Parke Wilde: Basically, I tend to think of it as not such a drastic change. U.S. food price inflation for many years was very low, in the neighborhood of 2 to 3 percent per year, and recently a high year’s food price inflation might be between 4 to 6 percent. Overall inflation is about 2 to 4 percent, so food is not that much higher. Last year, for example, the consumer price index recorded food increases at 3.6 percent.

There are agricultural shortages around the world—to the point that there were food riots in Africa and Asia just a few years ago. How is this global shortage affecting our prices?

The worst effects of food commodity price spikes are experienced by people in developing countries. The impact on U.S. food prices is not as much as people might think. In a poor country, a staple like rice will be a large portion of a family’s food budget and a large percentage of their entire income, as much as 70 percent. For Americans, food represents only about 10 percent of a family’s budget. Most of the costs we face in the grocery store are happening after the food leaves the farm: manufacturing, transportation, food retail and profit. So even if world commodity prices double, they have a much smaller effect on the U.S. consumer.

What about transportation, manufacturing and other costs that rise when energy and fuel prices go up?

Those are key drivers, more than the commodity price of food in the United States. The connection between fuel costs and food costs in the United States has gotten more interesting and complex. The traditional connection was that when fuel costs went up, agricultural production costs went up—in other words, when the cost of fertilizer, which is heavily fuel intensive, goes up and transportation costs go up, the grocery bill goes up. What has happened in recent years is that the food market has become connected to the fuel market in a second way, because of corn-based ethanol. As fuel prices rise, more farmers put their crop into ethanol production instead of food production to reap better profits. The result is that food prices go up as well.

Is there any one crop that most influences both commodity prices and food prices in general?

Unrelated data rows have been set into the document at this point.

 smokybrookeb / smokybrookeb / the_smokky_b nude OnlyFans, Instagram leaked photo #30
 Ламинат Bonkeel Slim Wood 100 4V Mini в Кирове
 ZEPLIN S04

By far the one crop in the United States would be corn. It is in all manufactured food products in the form of fructose or other ingredients, and it is also the principal ingredient needed for animal food production as feed. And again there are the ethanol issues. This gives corn three reasons to be scarce and to increase in price. I do worry that we are allocating too many food resources to ethanol production.

Should we expect continued increases or might prices level out or even drop?

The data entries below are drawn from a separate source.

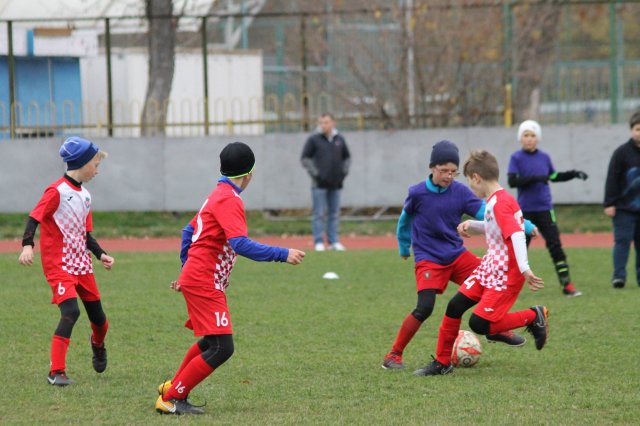 futbol-5533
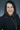 Diana Sahakian, PT, MS, MPT
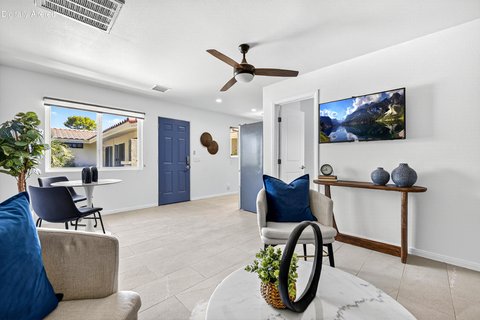 74090 Setting Sun Trail, Palm Desert, CA 92260 photo 42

Currently and in recent decades, food prices have been low in the United States, relative both to our past history and to most other countries around the world. It goes with being a prosperous country that we spend less of our income on food than almost anybody else in the world. So I don’t think food prices will drop further in the United States. In fact, I am braced for moderate increases over the next few years.

Are those increases going to harm the economy?

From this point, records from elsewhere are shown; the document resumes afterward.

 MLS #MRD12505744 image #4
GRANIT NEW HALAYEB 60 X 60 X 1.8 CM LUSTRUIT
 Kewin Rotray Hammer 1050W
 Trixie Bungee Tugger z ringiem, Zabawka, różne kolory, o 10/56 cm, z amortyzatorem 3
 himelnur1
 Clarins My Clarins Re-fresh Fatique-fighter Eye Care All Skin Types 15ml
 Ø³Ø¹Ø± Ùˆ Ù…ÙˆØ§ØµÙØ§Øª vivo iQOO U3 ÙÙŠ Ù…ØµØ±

This is the hardest thing for economists to express to people, because it sounds on the face of it totally loony: not all food price increases are bad. You have to ask yourself, is the food price increase a mistake or does it reflect a genuine scarcity? If things are really scarce, economists think prices ought to be high, because that sends the right message to everybody. It indicates to consumers that they should moderate their consumption, and it indicates to producers to innovate and produce more efficiently. These are all good things that can happen. Moderating consumption should not mean people going hungry, but perhaps going a little easier on the meat consumption, because that uses more resources than raising fruits and vegetables and grains.

How much of people’s reactions to increasing food prices has do to with the recession, when more people are out of work and depending on federal and state assistance, and those who are working may be earning lower wages?

When people are really frustrated by prices in the grocery store, it is partly because their incomes are not what they wish they were relative to their expenses. According to the national average wage index, wages and salaries have been increasing slowly in recent years, whereas they had previously been rising more quickly. So people are feeling the disparity between food cost increases and stagnant wages and salaries.

One good thing is that food stamps—from the Supplemental Nutrition Assistance Program, or SNAP—are indexed automatically for inflation, so when food prices go up, those budgets go up automatically. And as more people are unemployed, the federal government has made a commitment that the SNAP budget will serve all who are eligible.

What is the best way for us to use our food dollars?

Moving beyond our frustrations with food prices, we can listen to what prices are telling us. What we consume sends a message to food producers and manufacturers. If prices encourage us to use fewer resource-intensive foods like meat and buy food with no packaging, these changes will alert the food industry that they must become more efficient or risk losing profits.